In a witness testimony from 1714, Ralph Coleman, a London butcher, relates the following dialogue that he overheard between the Reverend Robert Barry and Sarah Twycrosse (the here unnamed “Woman”), a hostel keeper.
… S∼ [‘Sir’] I want to speake with you, to wch [‘which’] the sd [‘said’] Robert Barry replyed, Madam, I have nothing to say to you wherto shee replyed, Sr I have something to say to you, & shall speake it in publick to wch the said Robert Barry replyed, Yes and Welcome & thereupon the said ∧﹛Woman﹜ answeared him, Why then Sr I will. The Woman that I saw in bed with you is now with Child (ETED: London 1714–1715: F_4LD_London_003)

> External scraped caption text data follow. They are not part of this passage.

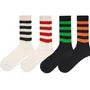 Set of 4: Striped Crew Socks
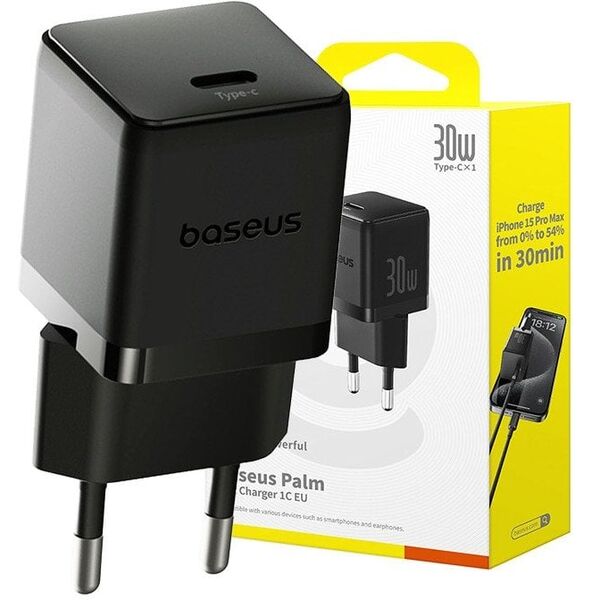 Baseus Palm USB C Ladegerät 30W EU schwarz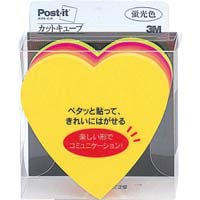 ポストイット蛍光色　ハート形　５色２２５枚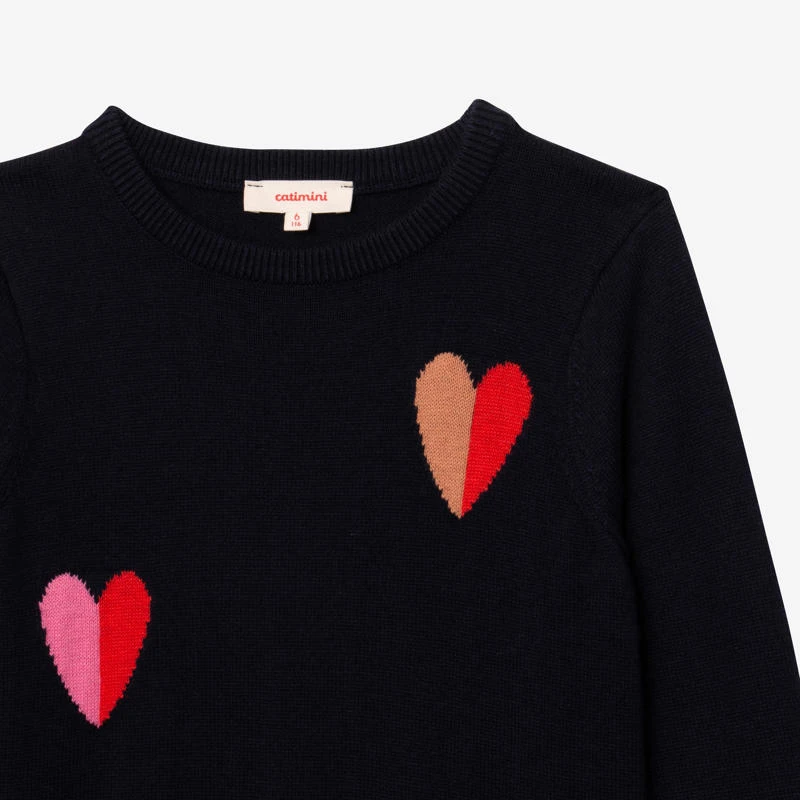 Robe Fille Jacquard Coeurs Marine Bleue Catimini 4 Robe Fille Jacquard Coeurs Marine Bleue Catimini – Image 4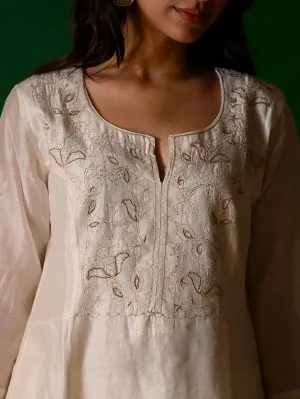 White embroidery Kurta   White Chanderi pants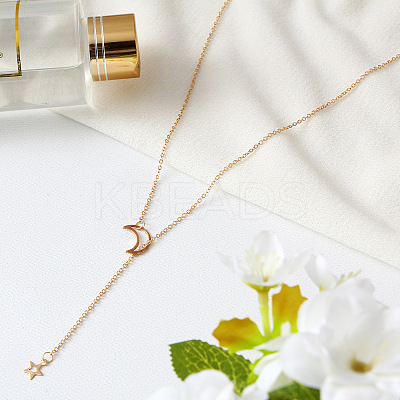 Alloy Cable Chain Moon & Star Lariat Necklaces for Women WG67D60-01-1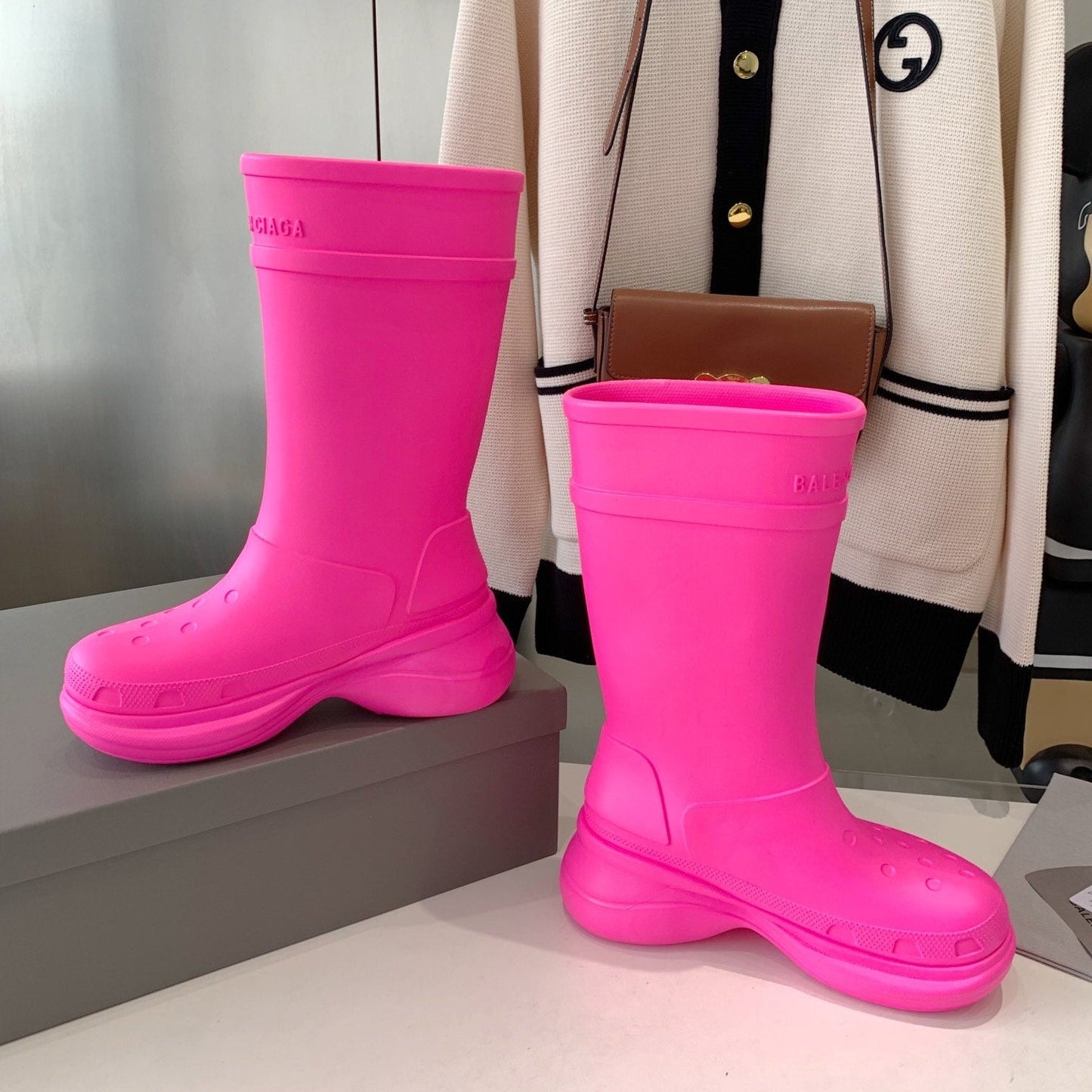Balanciaga CROCS BOOTS IN BRIGHT PINK RUBBER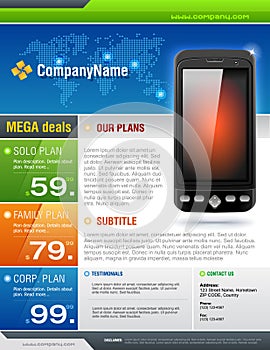 Mobile Cell Smart Phone Telecom Provider Flyer vec photo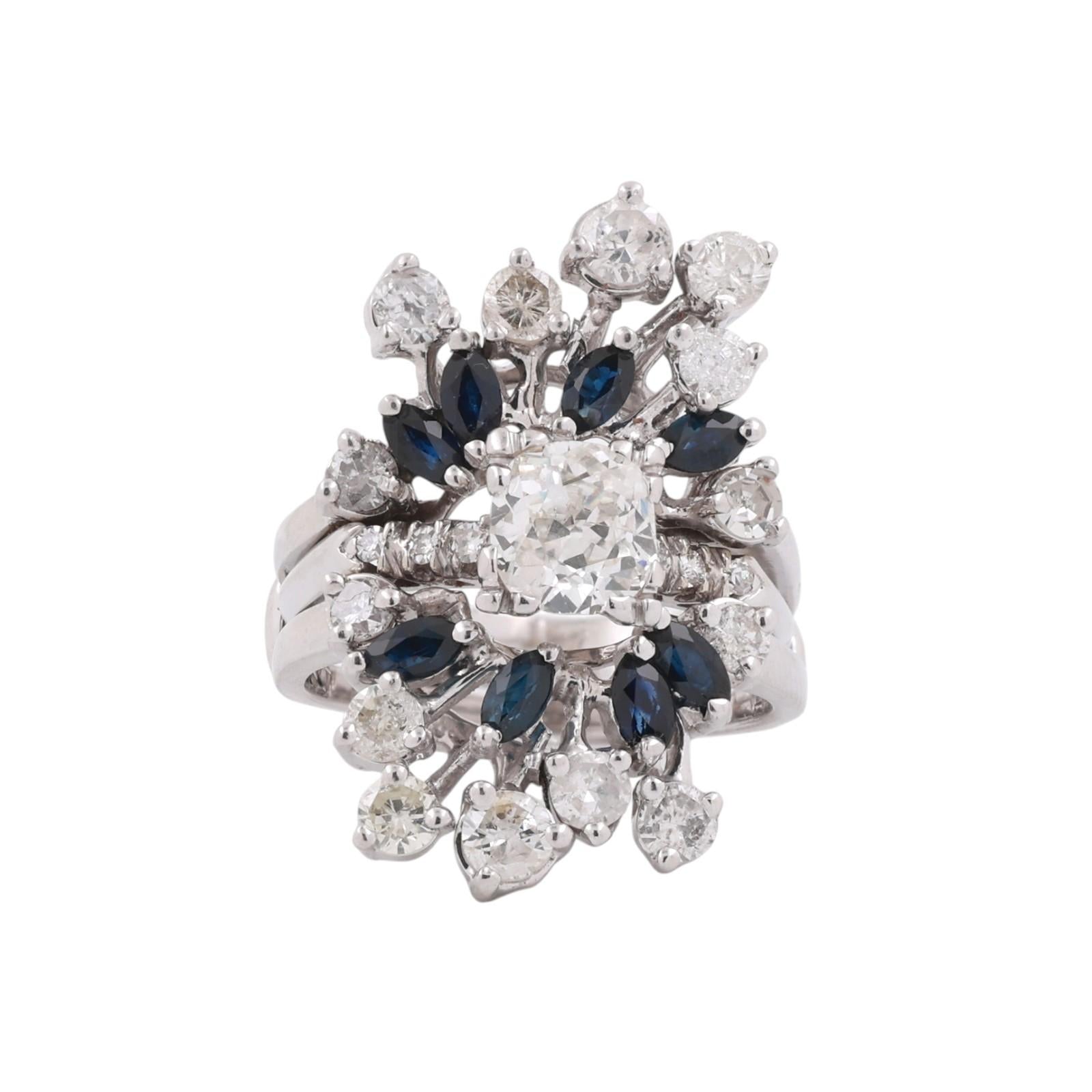 Vintage White Gold Old European Cut Diamond Sapphire Cluster Ring 3.39CTW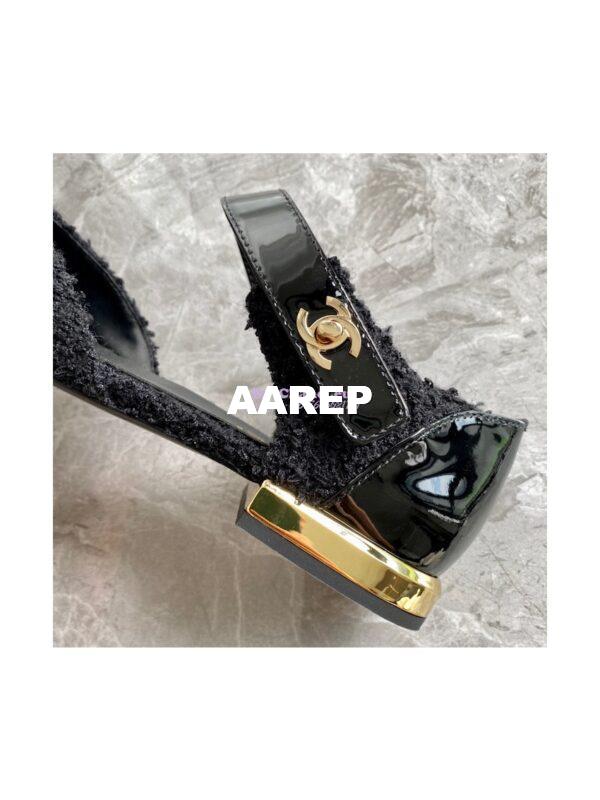 Replica Chanel Ballerina Tweed & Patent Calfskin G38441 Black 9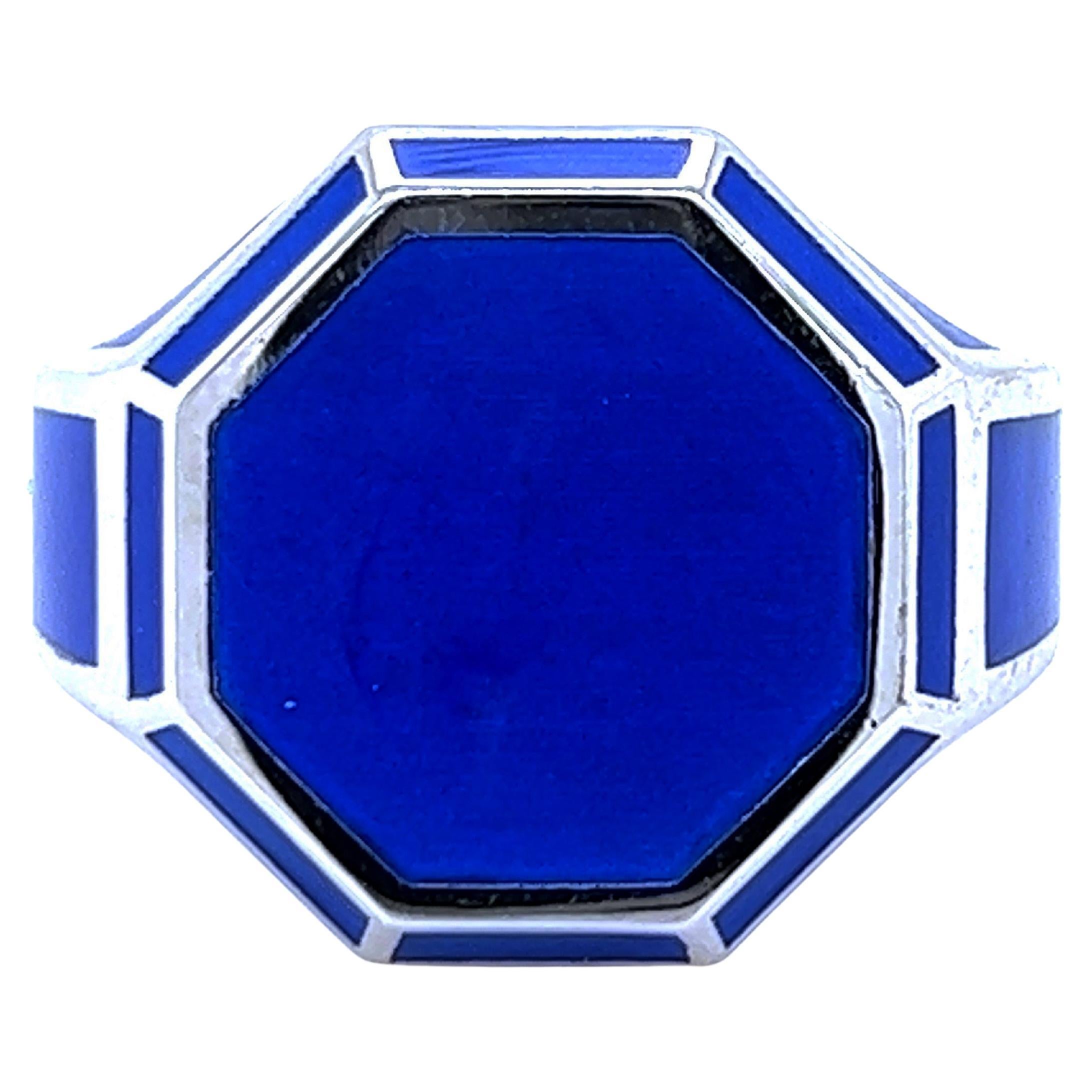 Berca Royal Blue Hand Enameled Hexagonal Sterling Silver Ring For Sale
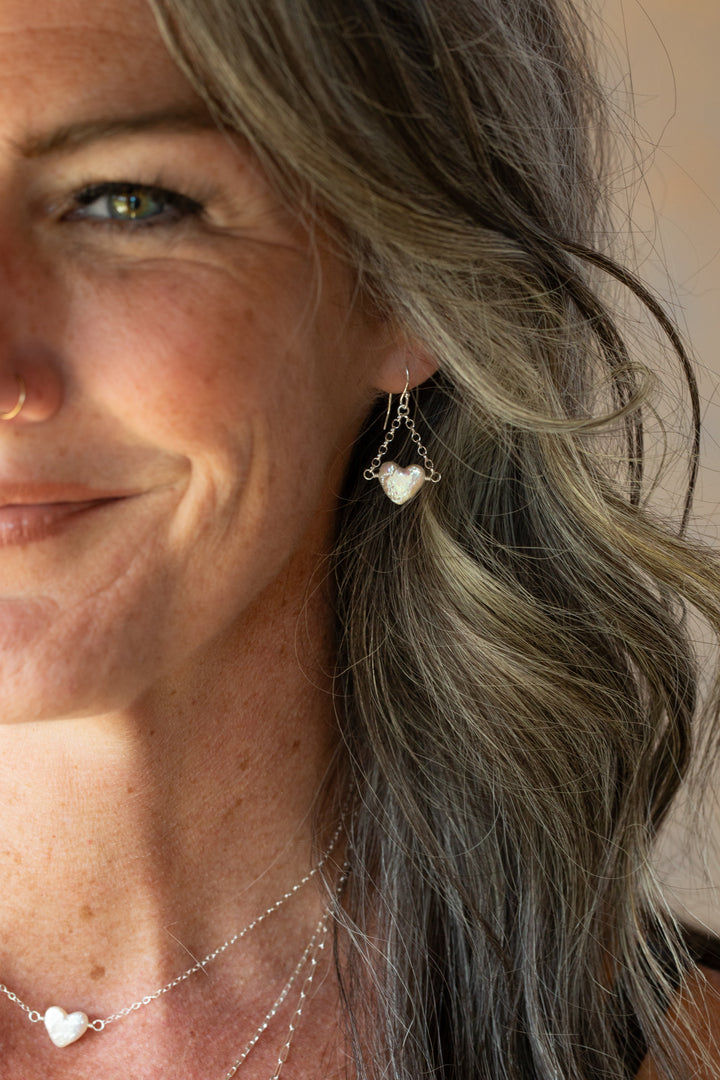 Bold Heart Freshwater Pearl Statement Earrings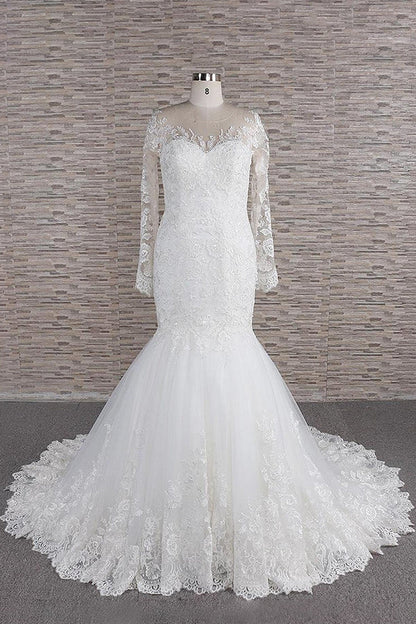 Langarm Meerjungfrau Sweetheart Applikationen Spitze Rückenfreies Brautkleid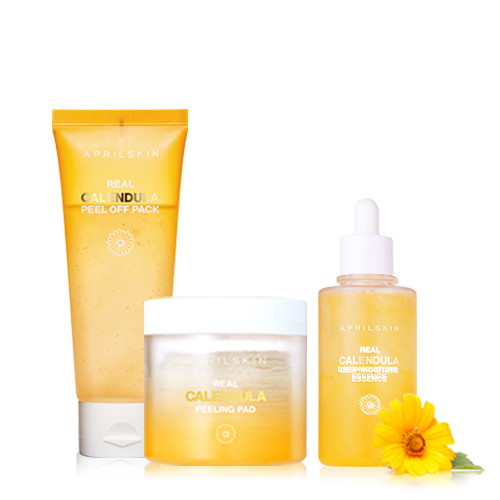 Aprilskin Set Set mặt nạ lột tẩy tế bào chết Real Calendula Peel Off Pack &amp; Real Calendula Peeling Pad &amp; tinh chất Deep Moisture Essence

We will leave aside whether Coleman accurately repeated what was originally said – we will have a closer look at the issue of textual reliability later. What is particularly interesting for us in this exchange is the way Twycrosse and Barry address each other. Twycrosse uses sir three times, and Barry responds once with madam. We can assume from modern conventions of address that this usage carried important social implications. After all, in modern contexts, the choice of address term (sir, ma'am, professor, Mr., Ms., Mrs., Ralph, Sarah, idiot, etc.) sends social signals about how we relate to (or perceive our relation to) the people we address: whether we see them as socially more or less powerful than ourselves, as socially close, etc. The selection may also reflect the particular situation we find ourselves in: whether formal or informal, or perhaps whether we feel happy or displeased with a person at a particular point. In the case of the early eighteenth-century exchange above, despite making quite a grave accusation against the clergyman, Twycrosse seems to politely acknowledge the social distance between them by using sir, a term normally used for a man of higher rank at the time. On the other hand, she may be emphasizing the distance between them (considering the behavior she is accusing him of). The repeated, insistent use of sir may even carry a hint of irony: you may be a sir, but your behavior certainly does not reflect that status (intonation patterns, which we unfortunately do not have access to, would have been helpful here).